(DATA UNDER STUDY)

* * *

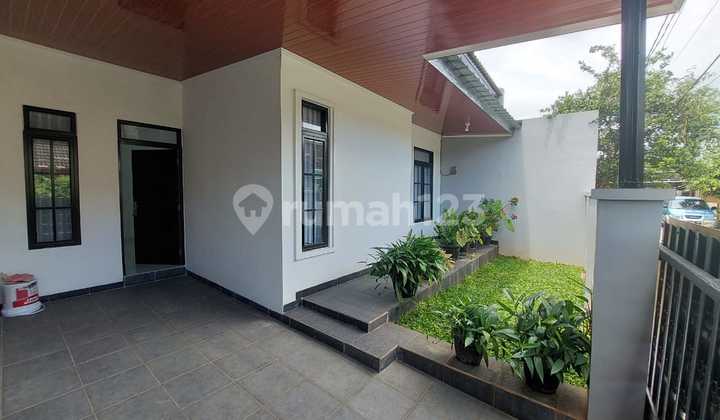 Flood-Free and Strategic House in Jakasampurna. 2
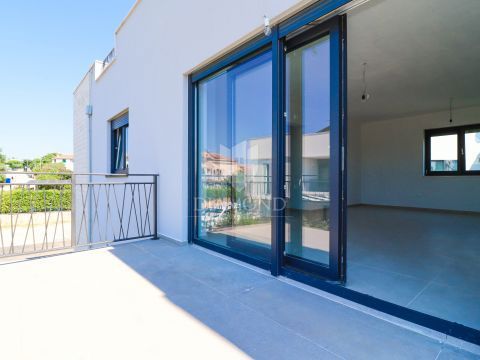 Poreč, okolica, trisobno stanovanje v prvem nadstropju s strešno teraso!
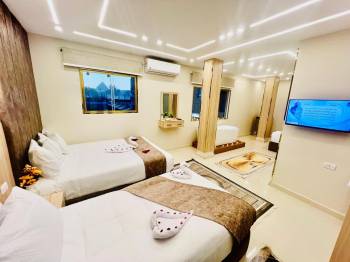 Suite with Mountain View9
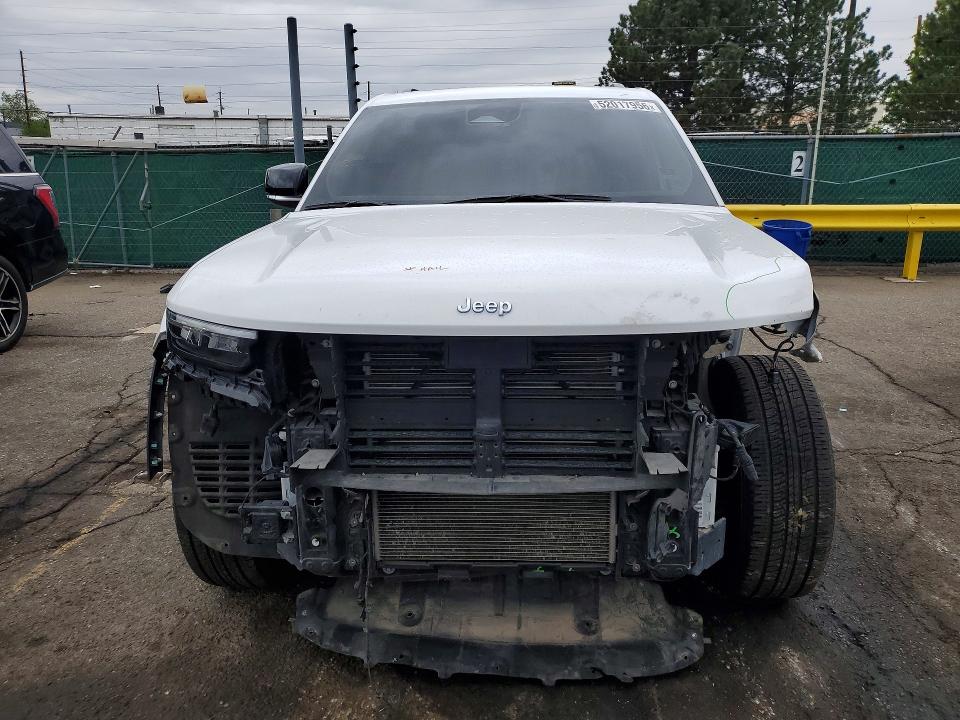 2023 Jeep Cherokee VIN 1C4RJYB63PC623951 COPART salvage auction — FRONT END, CO - PUBLIC - SALVAGE TITLE (P), sold $9,100 on 2026-07-02 (photo 5)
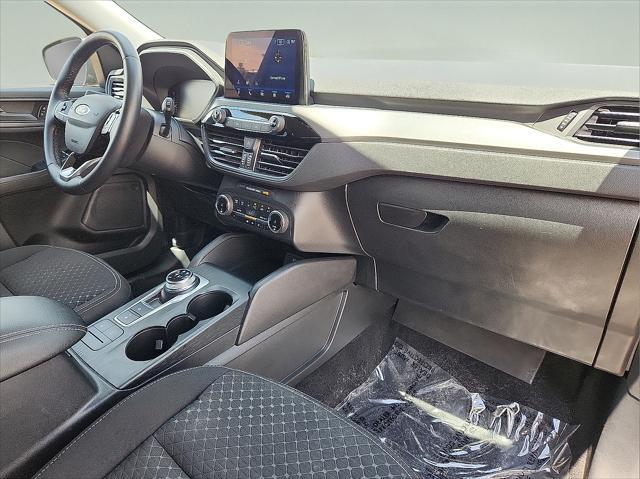 Photo of 2023 AGATE BLACK METALLIC Ford Escape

* * *

(PROBLEM DESCRIPTION) Transcribe the entries above verbatim, omitting their pictures.

(RESPONSE AREA)
 Flood-Free and Strategic House in Jakasampurna. 2
 Poreč, okolica, trisobno stanovanje v prvem nadstropju s strešno teraso!
 Suite with Mountain View9
 2023 Jeep Cherokee VIN 1C4RJYB63PC623951 COPART salvage auction — FRONT END, CO - PUBLIC - SALVAGE TITLE (P), sold $9,100 on 2026-07-02 (photo 5)
 Photo of 2023 AGATE BLACK METALLIC Ford Escape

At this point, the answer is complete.